Vamos analisar o primeiro. A segurança emocional é fundamental para o desenvolvimento equilibrado das crianças. Esse é um aspecto que deve ser trabalhado diariamente. Damos segurança emocional ao escutar, ao validar os sentimentos e as emoções, ao fazer o uso correto da disciplina, ao dedicar qualidade e quantidade de tempo, ao cumprir aquilo que prometemos e ao dominar nosso caráter. Assim, fazemos-lhes sentir e ver que tudo pode mudar ao seu redor, menos o seu centro (Deus, família e igreja).

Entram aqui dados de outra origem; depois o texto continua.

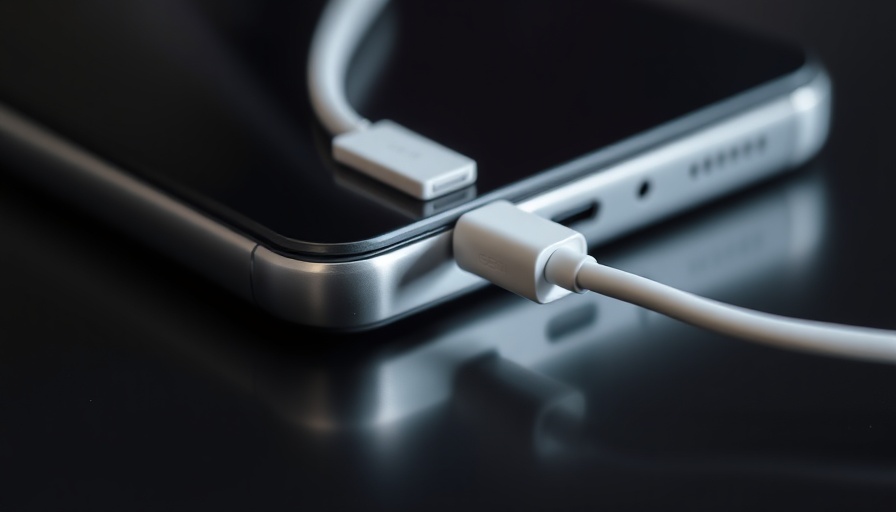iPhone 17 Air port-free smartphone close-up with charging port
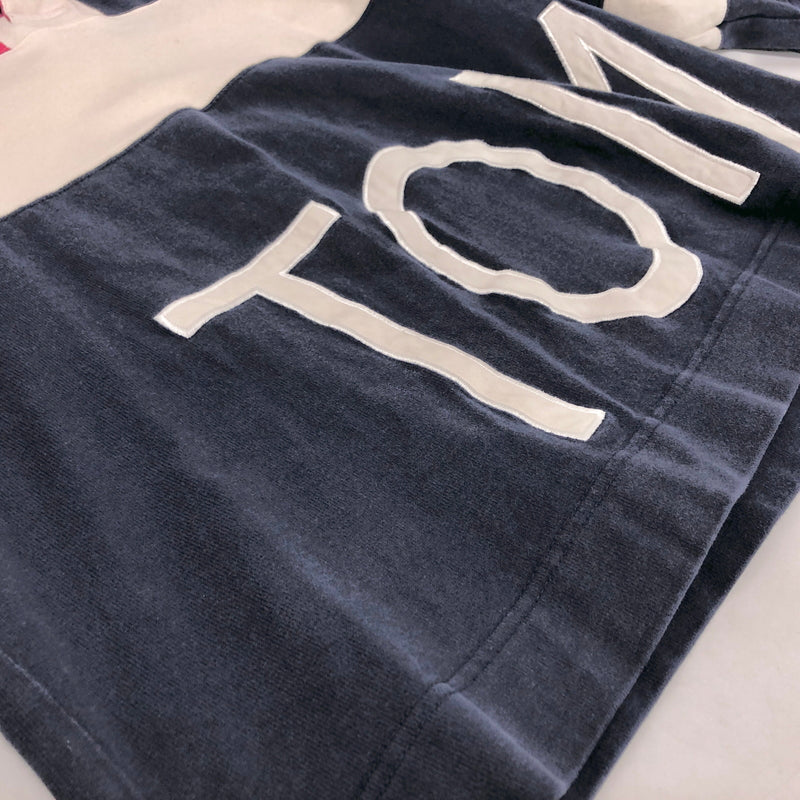 【現状渡し品】【メンズ】 TOMMY HILFIGER トミーヒルフィガー 90S LOGO HEAVY WEIGHT POLO SHIRT 長袖 シャツ トップス 古着 ヴィンテージ 146-260603-rs-01-fur サイズ:L カラー:ネイビー/レッド/ホワイト 万代Net店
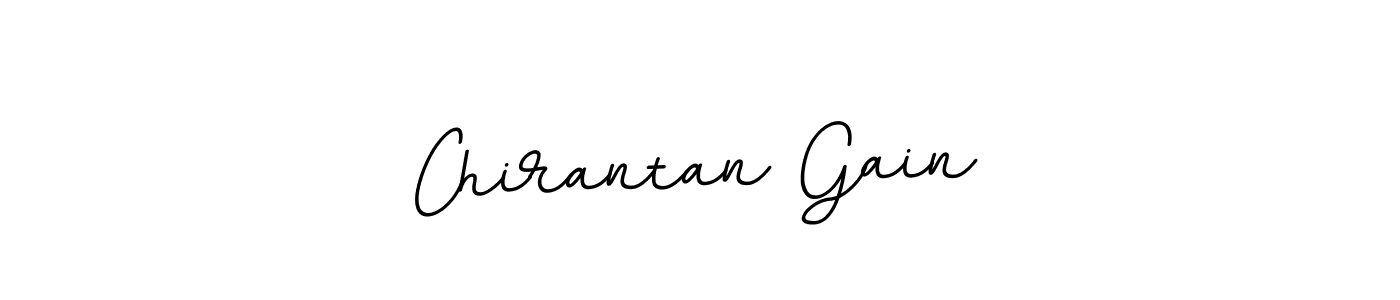 How to make Chirantan Gain signature? BallpointsItalic-DORy9 is a professional autograph style. Create handwritten signature for Chirantan Gain name. Chirantan Gain signature style 11 images and pictures png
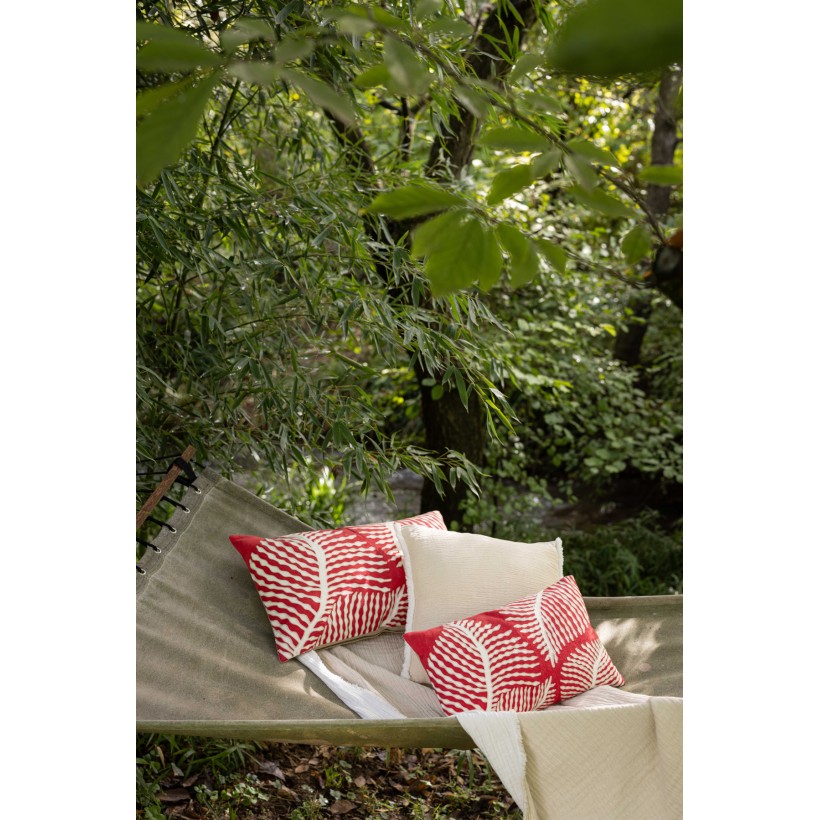CUSHION VIVARAISE FLORA PAPAYE 30x50 100% COTTON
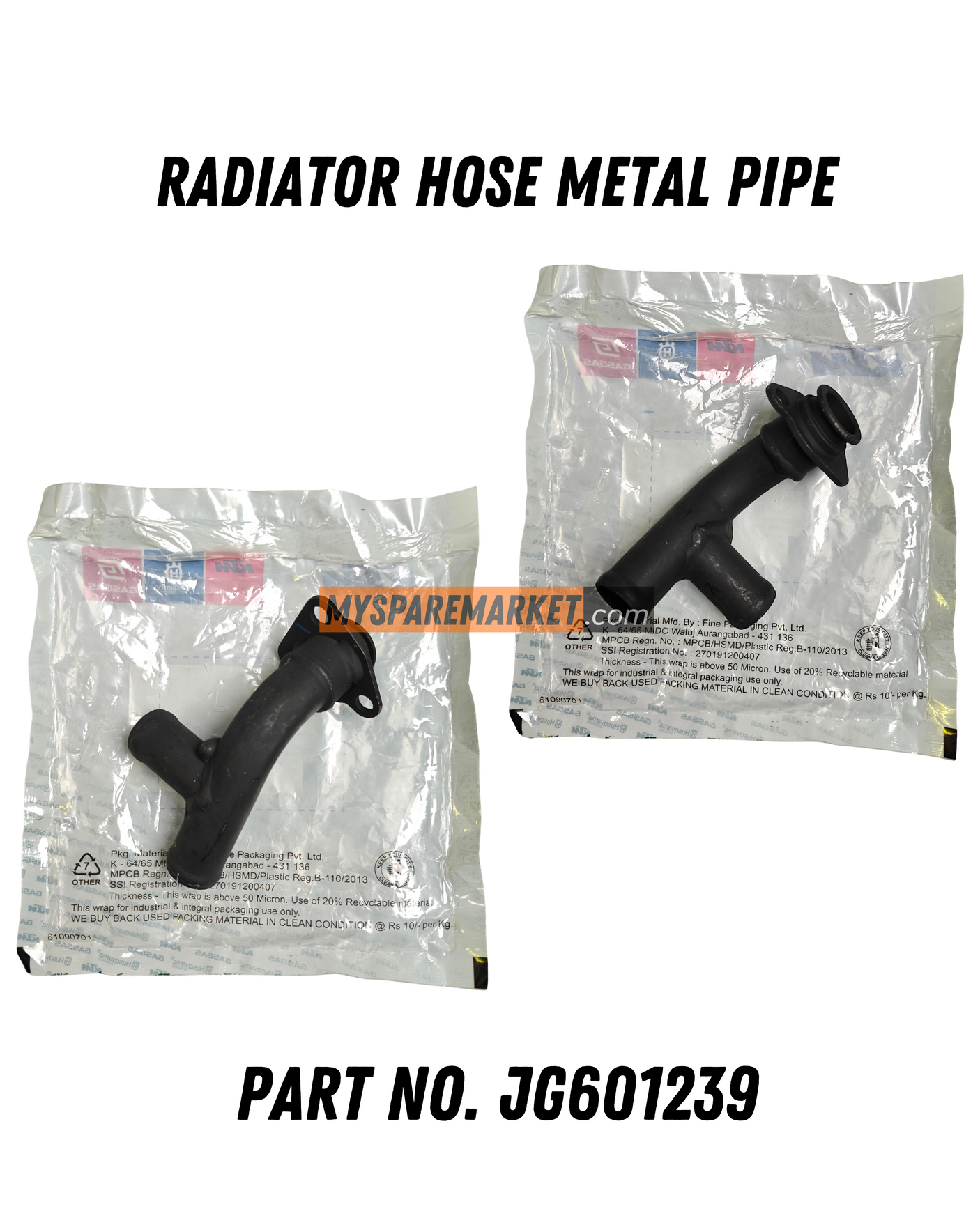 RADIATOR HOSE METAL PIPE - JG601239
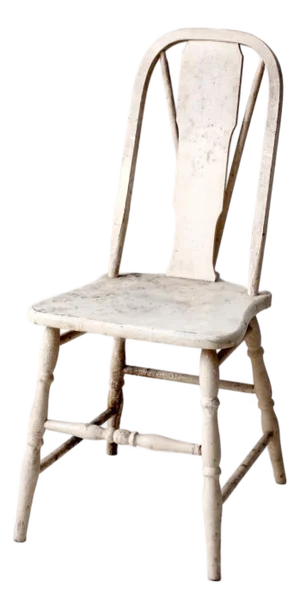 Antique Painted Brace-Back Windsor Side Chair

O outro conceito (seguir) vem como resultado do trabalho coerente e constante dos adultos na vida das crianças. Para os adultos desenvolverem a fé em Deus, é necessária uma compreensão ampla e profunda da Bíblia; mas não é assim com as crianças. Para que elas desenvolvam a fé e a sustentem ao longo da vida, precisam ver nos adultos a coerência e a prática dos princípios da Bíblia. Seguir o exemplo positivo dos pais e de outros líderes é o foco certo.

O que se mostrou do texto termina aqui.